* Exercise directions: Print exactly the lines from the one that contains "Κίνηση στους δρόμους: Χαμηλές" through the final line of the entries below, both included, and nothing else; omit the pictures.

Source records
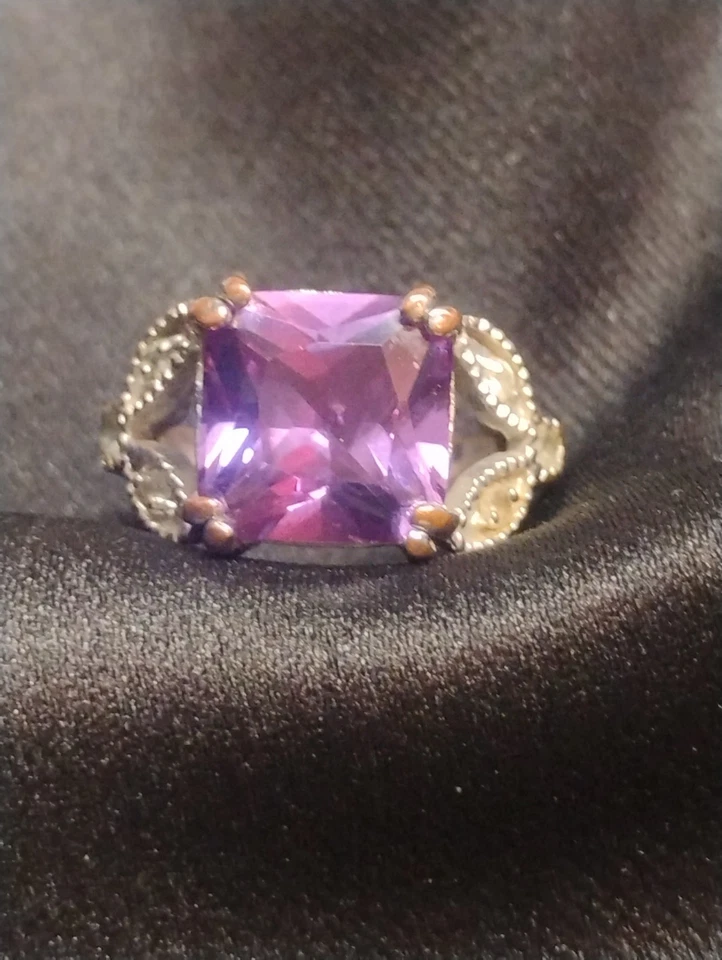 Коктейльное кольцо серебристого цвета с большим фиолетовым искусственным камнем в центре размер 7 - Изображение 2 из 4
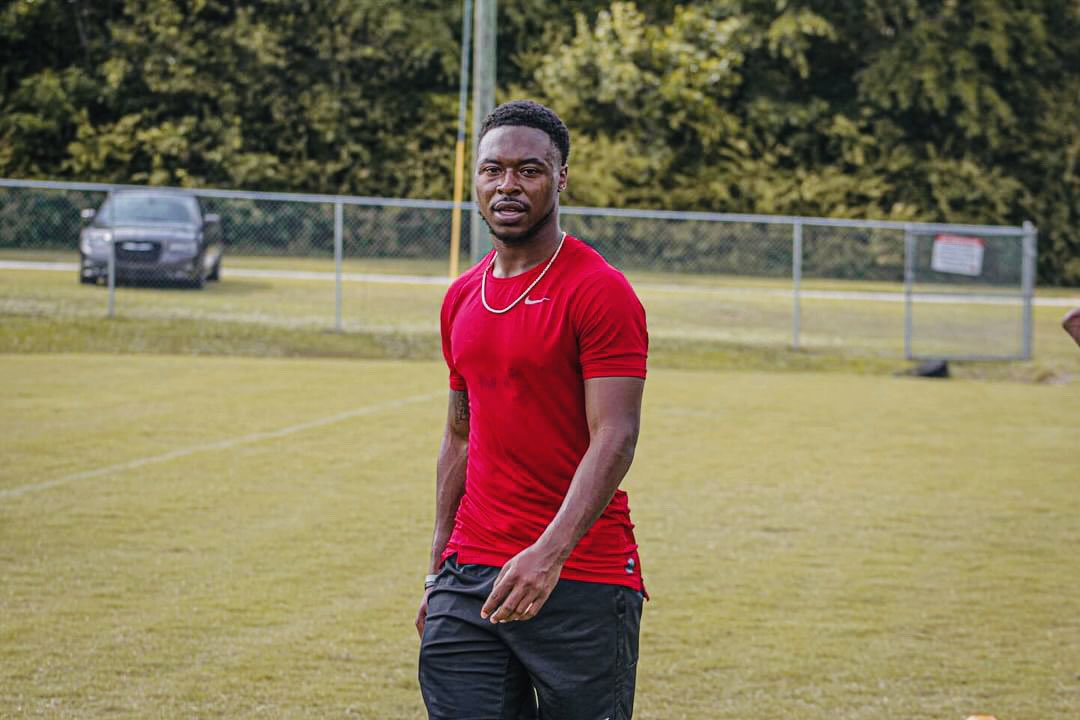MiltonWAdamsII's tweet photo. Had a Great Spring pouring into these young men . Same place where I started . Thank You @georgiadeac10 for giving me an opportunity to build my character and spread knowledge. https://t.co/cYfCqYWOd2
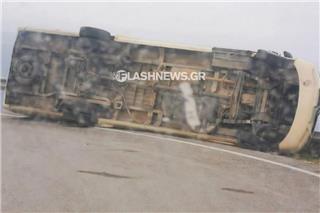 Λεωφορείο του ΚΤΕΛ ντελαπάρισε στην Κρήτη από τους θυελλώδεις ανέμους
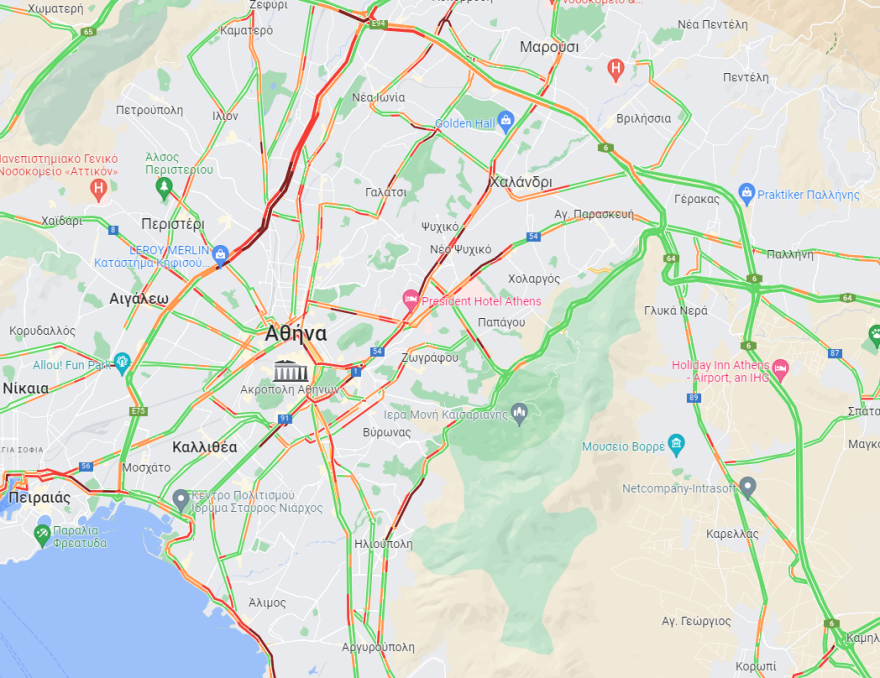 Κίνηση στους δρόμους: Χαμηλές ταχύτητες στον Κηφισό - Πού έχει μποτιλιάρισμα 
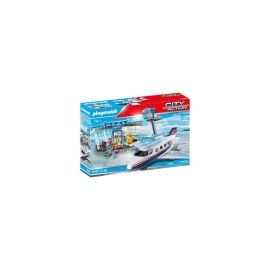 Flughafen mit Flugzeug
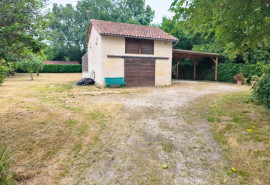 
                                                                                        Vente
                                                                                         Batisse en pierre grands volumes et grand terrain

* Written solution:
 Κίνηση στους δρόμους: Χαμηλές ταχύτητες στον Κηφισό - Πού έχει μποτιλιάρισμα 
 Flughafen mit Flugzeug
                                                                                        Vente
                                                                                         Batisse en pierre grands volumes et grand terrain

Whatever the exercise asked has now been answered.